#### [Problem description]
With pictures omitted, transcribe exactly the lines from the one containing "Corruption watchdog drops" to the end of the records below.

#### [Supplied entries]

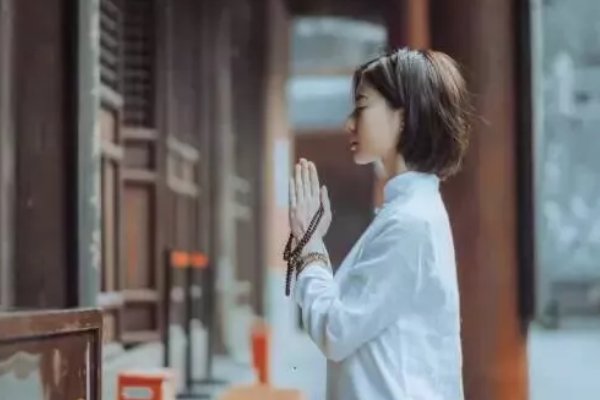 境由心生是什么意思？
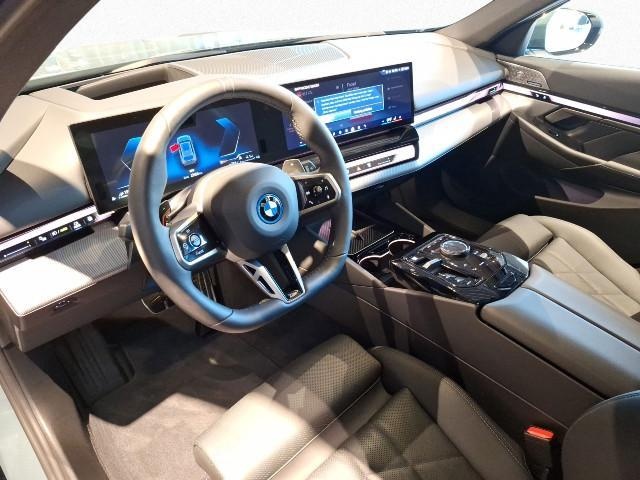BMW 550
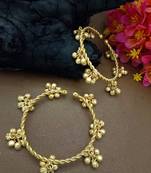 Set of 2 gold-plated twisted kada bracelet with clustered ghungroo charms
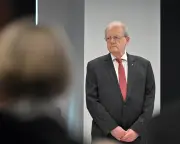 Corruption watchdog drops two investigations into former boss Paul Brereton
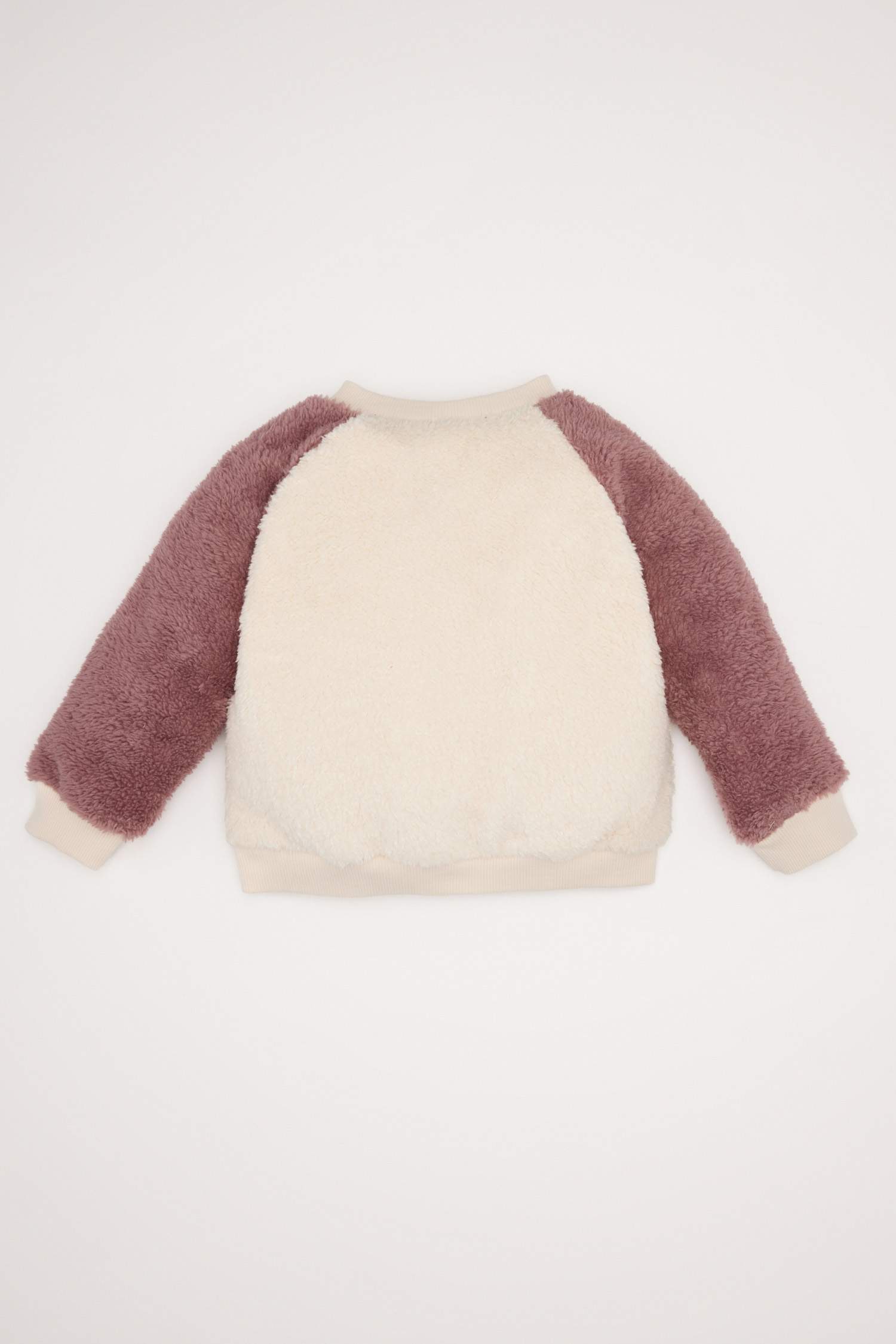 جاكيت فرو بناتي قطيفة قصة عادية وطبعة حروف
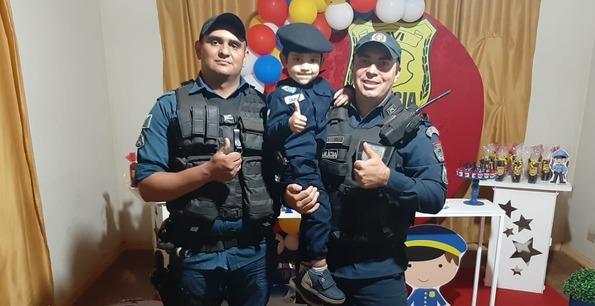 Polícia Militar de Três Lagoas participa de aniversário de criança fã da PM
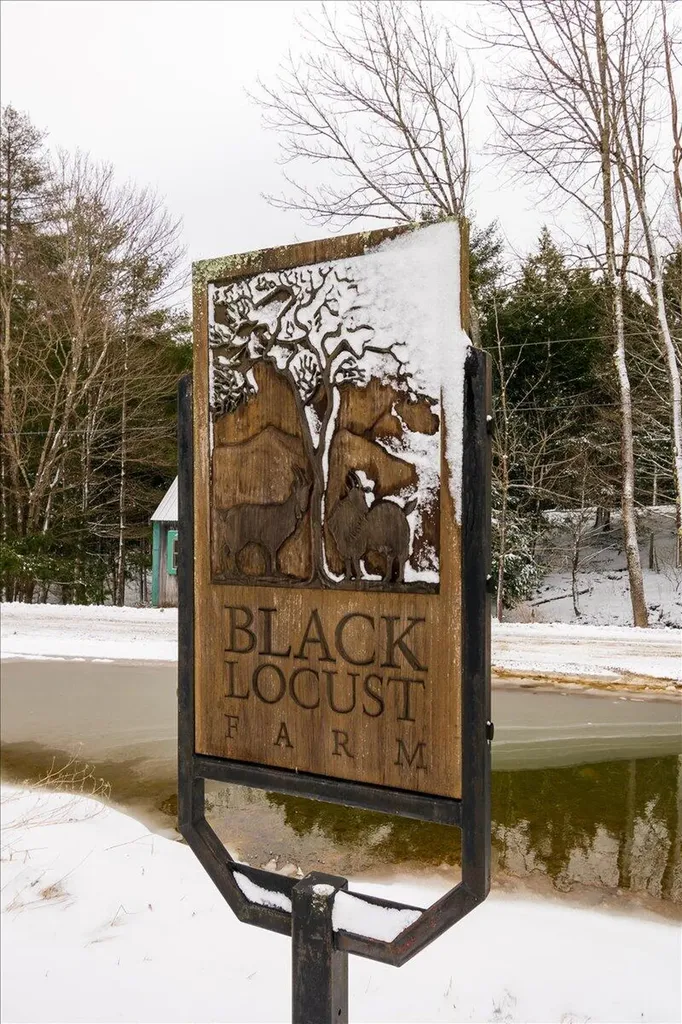 15 Old County Road Washington ME 04574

#### [Task output]
 Corruption watchdog drops two investigations into former boss Paul Brereton
 جاكيت فرو بناتي قطيفة قصة عادية وطبعة حروف
 Polícia Militar de Três Lagoas participa de aniversário de criança fã da PM
 15 Old County Road Washington ME 04574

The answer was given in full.